My mom used to play Super Nintendo to get me to fall asleep when I was a little kid. I couldn’t go to sleep without watching a swordfight in Prince of Persia or another dungeon cleared in Zelda. From that magical time of pure-hearted heroism, I gained a love for stories of mysticism and might. I grew up in the age of the internet, however, and exposure to the vilest and grandest of things turned my love of the light on its head. A fascination developed within me for the failings of people and the consequent quagmire of obsession and delusion that inevitability determined their lives. Perhaps this fixation stems from my pre-pubescent realization of the perversion rampant in the average human mind, due to my startling accidental observation of hackneyed porn of the worst sort of my favorite Japanese cartoons. Whatever the case, ‘weird sex’ was the topic on my mind from the age of 11 and it never left.

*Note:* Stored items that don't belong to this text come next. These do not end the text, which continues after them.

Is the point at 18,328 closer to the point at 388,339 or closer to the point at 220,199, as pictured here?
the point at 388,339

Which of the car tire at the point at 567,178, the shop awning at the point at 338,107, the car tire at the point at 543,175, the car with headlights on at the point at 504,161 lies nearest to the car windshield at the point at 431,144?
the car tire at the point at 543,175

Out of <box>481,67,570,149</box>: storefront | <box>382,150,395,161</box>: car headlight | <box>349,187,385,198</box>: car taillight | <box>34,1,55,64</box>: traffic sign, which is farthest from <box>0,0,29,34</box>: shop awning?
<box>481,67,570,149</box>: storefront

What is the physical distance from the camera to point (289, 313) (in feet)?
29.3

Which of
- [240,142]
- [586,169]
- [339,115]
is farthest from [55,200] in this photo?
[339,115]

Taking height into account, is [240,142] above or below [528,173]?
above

Dating sims always particularly intrigued me for their extremely particular pandering to niche fetishes of the most heinous kind. Some of them feature watersports or mutilation, hypnosis, rape or slavery – but 100% of them focus shamelessly on the intense objectification of the featured characters. I’ve always loved erotic art and the depiction of intimacy in all forms, but I’ve never understood the need for pornography to destroy the viewer’s sexuality over time, limiting it to a narrow view of subject-object kinks, and these dating simulators are notorious for doing just that. The otaku of Japan are nerds ridiculed for being shut-ins who masturbate all day to these hentai sims, for the most part, and that culture of exclusively withdrawn and self-serving sexuality is quickly pervading the American mainstream. It’s not surprising, since defiantly entitled misogyny has taken a stronger foothold than ever in American culture.

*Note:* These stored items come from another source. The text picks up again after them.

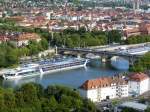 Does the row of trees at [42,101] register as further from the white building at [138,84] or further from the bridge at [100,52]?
the bridge at [100,52]

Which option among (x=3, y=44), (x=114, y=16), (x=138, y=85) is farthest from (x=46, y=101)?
(x=114, y=16)

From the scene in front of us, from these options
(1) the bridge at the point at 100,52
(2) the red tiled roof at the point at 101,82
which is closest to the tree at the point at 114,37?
(1) the bridge at the point at 100,52

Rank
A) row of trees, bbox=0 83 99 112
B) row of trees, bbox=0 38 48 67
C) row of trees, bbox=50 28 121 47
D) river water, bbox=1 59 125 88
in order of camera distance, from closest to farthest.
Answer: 1. row of trees, bbox=0 83 99 112
2. river water, bbox=1 59 125 88
3. row of trees, bbox=0 38 48 67
4. row of trees, bbox=50 28 121 47

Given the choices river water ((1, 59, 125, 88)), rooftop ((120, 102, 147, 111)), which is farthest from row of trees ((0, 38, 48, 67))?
rooftop ((120, 102, 147, 111))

So I thought, if people who spend all day jacking off to cartoons can put together a game, surely I can do one better. My thesis project is a dating simulator pitch – comprised of pre-production illustrations and research as well as an animated trailer summing up the most tantalizingly horrific parts of the game. The game’s WIP name is ‘Spunk’, a play on a trashy vernacular for semen and the DS dating game ‘Sprung!’. In hand-drawn digital black and white 2D animation, the trailer begins by explaining the player character’s situation. A young man with asperger’s, Zetsubou, the player character, enters a formerly religious state reformatory for social misfits at the behest of his parents. He goes on to meet 10 other characters total, all of whom he can pursue graphically sexual relationships with of various natures, including a diaper fetishist, a predatorial dominatrix, and a porn-obsessed ‘bro’. These characters’ bizarre sexualities only come to light after progress into a relationships with them, and the player is exposed to their quirky and often loveable behaviors on a regular basis before the player ever witnesses their shameful secrets – often only after it’s too late to dip.

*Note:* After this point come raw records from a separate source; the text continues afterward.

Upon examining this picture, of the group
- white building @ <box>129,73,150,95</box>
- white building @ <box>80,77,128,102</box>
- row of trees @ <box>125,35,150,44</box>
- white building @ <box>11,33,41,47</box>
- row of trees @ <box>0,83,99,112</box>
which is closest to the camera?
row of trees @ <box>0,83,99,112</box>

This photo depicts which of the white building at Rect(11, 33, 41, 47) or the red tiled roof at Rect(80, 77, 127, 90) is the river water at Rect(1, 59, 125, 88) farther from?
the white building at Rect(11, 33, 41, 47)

Some of the central ideas I’m grappling with have to do with the idea of humanity in character. I think it’s definitely possible to hate a character while being attracted to them at the same time or vice versa – this is the nature of human beings. Media sexuality has become so far removed from what is naturally titillating in the human form or character of a person that we need perfectly oval breasts and clear skin on any billboard meant to attract. With my game, I want to challenge the notion of what is appealing or offensive or relatable. I want the viewer to be uncomfortable the entire game, wondering what it means to find this or that character relatable or loveable, or to become entrapped in a sex life into which they feel misled by appearance. I want to make a game that’s both off the cuff hilarious as well as startlingly uncomfortable.

Ultimately, I hope to be able to sell my pitch some day, but for now I’m satisfied with the viewer coming away from the trailer desperately wanting to play the game, to know what it’s all about. Between the preproduction work and trailer, the viewer should be clamoring for the game to be made, for it to be played. I want the viewer to come away from the preproduction work feeling strongly desirous to experience the world and characters and enjoy my wit, ignorant to the discomfort inherent in the branching narratives of the game to be made.